John Hersey, the son of US missionary parents, was born in China on 17th June, 1914. After graduating from Yale University he became correspondent in the Far East for Time Magazine.
During the Second World War Hersey also wrote for Life magazine and the New Yorker. He accompanied the US Army in the invasion of Sicily and Italy. Hersey used some of the information he gathered as a war journalist for his best-selling novel A Bell for Adano (1944). The book won the Pulitzer Prize in 1945.
In 1944 Hersey covered the war in the Pacific and his many articles included one detailing the heroism of Lieutenant John F Kennedy when his Motor Torpedo Boat was sunk close to the Soloman Islands.

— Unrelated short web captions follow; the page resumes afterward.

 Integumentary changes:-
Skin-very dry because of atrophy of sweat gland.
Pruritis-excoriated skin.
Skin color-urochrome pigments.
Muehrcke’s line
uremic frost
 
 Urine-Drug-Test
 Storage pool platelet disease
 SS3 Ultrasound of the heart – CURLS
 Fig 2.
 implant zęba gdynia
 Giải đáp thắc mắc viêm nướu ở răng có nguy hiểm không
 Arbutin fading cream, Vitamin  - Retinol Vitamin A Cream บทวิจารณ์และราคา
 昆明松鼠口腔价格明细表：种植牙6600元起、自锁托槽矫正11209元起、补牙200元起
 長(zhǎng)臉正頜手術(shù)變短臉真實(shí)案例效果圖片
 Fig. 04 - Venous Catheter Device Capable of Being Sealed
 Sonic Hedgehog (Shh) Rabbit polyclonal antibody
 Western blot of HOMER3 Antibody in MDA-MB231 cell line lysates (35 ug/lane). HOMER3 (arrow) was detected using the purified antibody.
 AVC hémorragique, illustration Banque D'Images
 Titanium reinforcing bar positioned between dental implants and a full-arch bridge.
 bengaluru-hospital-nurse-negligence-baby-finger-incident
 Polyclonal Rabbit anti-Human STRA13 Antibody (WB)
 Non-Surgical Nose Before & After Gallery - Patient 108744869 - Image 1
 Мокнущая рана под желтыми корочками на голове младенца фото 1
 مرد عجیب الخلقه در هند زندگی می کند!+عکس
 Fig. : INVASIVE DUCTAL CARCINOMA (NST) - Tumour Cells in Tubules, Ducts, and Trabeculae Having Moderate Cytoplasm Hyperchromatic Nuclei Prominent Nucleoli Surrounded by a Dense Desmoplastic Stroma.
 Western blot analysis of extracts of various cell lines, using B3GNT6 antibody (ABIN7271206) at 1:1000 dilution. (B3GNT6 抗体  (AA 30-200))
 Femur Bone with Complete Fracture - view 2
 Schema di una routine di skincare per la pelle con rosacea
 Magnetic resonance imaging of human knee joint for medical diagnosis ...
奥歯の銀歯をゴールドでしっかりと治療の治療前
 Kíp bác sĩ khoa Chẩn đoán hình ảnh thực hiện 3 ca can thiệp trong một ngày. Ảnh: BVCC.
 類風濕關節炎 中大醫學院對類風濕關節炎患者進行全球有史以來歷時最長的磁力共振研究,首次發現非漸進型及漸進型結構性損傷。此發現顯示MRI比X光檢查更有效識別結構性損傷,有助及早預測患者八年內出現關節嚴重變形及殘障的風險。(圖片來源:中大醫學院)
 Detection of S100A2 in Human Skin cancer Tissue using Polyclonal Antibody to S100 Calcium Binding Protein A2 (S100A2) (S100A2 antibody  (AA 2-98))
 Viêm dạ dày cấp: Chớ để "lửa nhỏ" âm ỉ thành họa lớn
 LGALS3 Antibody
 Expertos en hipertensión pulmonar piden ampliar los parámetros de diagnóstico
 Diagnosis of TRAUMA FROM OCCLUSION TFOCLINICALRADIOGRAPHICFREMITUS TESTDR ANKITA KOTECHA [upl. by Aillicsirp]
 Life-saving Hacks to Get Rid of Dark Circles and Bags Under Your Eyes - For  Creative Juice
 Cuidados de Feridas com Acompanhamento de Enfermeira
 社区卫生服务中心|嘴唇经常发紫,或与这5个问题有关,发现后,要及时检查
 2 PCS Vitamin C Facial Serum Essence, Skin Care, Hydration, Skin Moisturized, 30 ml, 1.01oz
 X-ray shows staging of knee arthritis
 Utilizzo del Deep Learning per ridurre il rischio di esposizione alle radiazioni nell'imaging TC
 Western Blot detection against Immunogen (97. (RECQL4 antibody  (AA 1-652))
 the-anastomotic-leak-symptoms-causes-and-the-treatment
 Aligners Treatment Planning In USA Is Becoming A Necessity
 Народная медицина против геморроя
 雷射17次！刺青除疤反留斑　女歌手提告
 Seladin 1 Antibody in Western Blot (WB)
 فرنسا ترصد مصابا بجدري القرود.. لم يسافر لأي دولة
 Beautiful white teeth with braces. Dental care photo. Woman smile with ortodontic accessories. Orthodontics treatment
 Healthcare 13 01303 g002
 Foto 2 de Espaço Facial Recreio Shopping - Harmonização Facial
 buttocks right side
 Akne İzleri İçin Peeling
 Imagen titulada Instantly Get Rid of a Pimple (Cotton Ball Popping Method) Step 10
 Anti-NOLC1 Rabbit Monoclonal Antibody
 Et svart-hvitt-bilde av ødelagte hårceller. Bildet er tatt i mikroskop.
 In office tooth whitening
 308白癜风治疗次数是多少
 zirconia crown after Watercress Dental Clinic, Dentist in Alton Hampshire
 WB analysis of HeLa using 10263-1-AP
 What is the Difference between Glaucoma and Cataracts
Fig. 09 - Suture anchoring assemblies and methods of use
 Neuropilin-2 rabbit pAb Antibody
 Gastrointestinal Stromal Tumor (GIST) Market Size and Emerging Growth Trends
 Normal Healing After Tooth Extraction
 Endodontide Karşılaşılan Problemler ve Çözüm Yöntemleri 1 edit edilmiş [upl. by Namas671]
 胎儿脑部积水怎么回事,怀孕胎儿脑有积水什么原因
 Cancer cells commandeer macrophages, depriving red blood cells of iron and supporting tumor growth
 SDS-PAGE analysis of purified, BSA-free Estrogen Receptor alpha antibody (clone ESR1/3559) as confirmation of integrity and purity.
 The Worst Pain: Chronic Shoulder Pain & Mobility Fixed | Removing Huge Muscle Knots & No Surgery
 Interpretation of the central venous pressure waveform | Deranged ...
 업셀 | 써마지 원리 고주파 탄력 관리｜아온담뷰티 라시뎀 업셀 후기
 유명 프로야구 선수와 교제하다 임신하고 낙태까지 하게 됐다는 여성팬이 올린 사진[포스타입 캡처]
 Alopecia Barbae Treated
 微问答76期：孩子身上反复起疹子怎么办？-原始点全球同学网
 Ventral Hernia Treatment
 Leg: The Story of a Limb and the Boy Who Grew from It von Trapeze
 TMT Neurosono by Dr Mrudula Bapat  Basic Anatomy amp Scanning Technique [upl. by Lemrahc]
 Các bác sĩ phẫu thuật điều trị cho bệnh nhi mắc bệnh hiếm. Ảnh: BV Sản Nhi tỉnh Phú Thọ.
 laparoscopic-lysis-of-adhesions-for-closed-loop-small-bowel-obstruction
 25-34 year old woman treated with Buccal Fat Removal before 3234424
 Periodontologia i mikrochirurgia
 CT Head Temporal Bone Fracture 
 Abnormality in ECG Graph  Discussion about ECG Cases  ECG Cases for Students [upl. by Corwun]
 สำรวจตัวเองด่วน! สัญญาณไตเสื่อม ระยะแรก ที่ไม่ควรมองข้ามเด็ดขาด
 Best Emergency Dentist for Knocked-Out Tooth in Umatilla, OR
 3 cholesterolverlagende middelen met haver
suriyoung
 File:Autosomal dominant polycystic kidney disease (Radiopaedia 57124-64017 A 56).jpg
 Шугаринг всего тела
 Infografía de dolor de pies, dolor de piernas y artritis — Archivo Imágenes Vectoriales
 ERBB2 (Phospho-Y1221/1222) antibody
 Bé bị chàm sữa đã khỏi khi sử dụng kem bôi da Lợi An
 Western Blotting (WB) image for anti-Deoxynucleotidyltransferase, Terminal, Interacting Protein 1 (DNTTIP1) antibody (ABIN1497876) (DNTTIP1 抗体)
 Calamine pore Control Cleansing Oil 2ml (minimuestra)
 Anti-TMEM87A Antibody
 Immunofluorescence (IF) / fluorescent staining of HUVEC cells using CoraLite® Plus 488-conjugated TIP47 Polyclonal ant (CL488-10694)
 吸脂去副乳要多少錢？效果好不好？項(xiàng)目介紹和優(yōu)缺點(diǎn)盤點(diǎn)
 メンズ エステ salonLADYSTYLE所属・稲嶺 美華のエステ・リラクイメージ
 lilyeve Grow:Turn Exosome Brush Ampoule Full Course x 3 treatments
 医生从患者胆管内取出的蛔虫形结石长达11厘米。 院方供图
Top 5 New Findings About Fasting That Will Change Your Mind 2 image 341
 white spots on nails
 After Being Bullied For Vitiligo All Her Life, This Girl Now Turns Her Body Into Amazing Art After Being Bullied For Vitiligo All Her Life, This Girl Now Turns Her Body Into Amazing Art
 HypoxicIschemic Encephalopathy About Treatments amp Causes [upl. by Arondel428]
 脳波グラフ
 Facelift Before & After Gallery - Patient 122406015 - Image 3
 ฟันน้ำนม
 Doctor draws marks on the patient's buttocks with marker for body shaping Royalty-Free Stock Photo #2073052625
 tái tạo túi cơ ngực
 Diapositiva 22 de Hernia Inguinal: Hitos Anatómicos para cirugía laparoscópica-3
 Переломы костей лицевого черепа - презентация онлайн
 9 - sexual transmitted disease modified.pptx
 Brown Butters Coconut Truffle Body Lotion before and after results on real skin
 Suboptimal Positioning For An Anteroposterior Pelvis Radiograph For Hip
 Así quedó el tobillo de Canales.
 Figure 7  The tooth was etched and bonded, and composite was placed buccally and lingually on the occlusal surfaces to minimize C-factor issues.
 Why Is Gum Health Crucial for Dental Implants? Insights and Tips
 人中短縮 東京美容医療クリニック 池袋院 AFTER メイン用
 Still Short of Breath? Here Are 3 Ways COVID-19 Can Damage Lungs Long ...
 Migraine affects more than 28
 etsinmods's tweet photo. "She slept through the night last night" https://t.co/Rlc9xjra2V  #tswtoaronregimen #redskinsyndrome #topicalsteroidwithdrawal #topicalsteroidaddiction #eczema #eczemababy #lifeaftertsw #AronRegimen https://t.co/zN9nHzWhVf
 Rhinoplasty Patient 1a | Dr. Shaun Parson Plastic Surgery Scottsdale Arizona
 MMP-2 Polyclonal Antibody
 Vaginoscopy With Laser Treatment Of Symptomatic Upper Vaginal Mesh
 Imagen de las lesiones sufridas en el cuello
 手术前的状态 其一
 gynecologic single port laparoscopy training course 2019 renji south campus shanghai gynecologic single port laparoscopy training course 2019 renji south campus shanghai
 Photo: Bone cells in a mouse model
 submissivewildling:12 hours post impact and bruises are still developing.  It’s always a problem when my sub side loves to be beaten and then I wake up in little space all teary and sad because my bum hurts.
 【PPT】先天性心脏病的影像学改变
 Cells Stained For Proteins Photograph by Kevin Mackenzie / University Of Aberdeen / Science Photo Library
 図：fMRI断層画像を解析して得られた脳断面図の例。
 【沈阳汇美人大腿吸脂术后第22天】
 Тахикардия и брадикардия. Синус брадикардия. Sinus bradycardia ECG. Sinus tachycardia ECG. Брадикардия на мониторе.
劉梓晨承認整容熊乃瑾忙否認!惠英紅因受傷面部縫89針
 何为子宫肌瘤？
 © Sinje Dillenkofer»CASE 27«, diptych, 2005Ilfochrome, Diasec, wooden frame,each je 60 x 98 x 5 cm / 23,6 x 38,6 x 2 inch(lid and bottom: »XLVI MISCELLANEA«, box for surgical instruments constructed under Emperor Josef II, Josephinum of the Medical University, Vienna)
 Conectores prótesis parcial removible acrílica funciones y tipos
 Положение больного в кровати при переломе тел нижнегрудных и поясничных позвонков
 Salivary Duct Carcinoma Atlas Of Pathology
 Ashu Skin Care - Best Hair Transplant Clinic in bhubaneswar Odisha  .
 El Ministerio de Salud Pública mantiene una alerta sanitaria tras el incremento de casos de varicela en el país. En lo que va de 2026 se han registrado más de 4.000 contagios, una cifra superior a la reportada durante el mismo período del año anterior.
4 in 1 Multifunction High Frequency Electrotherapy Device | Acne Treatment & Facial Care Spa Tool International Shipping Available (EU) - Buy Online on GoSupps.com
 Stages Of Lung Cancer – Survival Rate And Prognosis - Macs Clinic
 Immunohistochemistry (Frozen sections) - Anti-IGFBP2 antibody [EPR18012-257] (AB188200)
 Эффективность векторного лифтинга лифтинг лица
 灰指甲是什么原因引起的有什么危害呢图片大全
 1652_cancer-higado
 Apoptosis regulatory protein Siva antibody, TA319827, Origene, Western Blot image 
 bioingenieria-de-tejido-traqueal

Hersey was one of the first western journalists to arrive in Hiroshima after the atom bomb explosion on 6th August 1945. Commission by the New Yorker to write a series of articles on the effects of a nuclear explosion, he decided to focus on the experiences of six people who had been in the city: two doctors, a Protestant minister, a widowed seamstress, a young female factory worker and a German Catholic priest. When the editor saw the articles he decided to devote one issue (31st August, 1946) to the material. Later that year it was published as the book Hiroshima (1946).
Other books by Hersey include the Child Buyer (1947), The War Lover (1959), Under the Eye of the Storm (1967), The Walnut Door (1977), Antonietta (1991) and Key West Tales (1993). John Hersey died in Key West, Florida, on 24th March, 1993.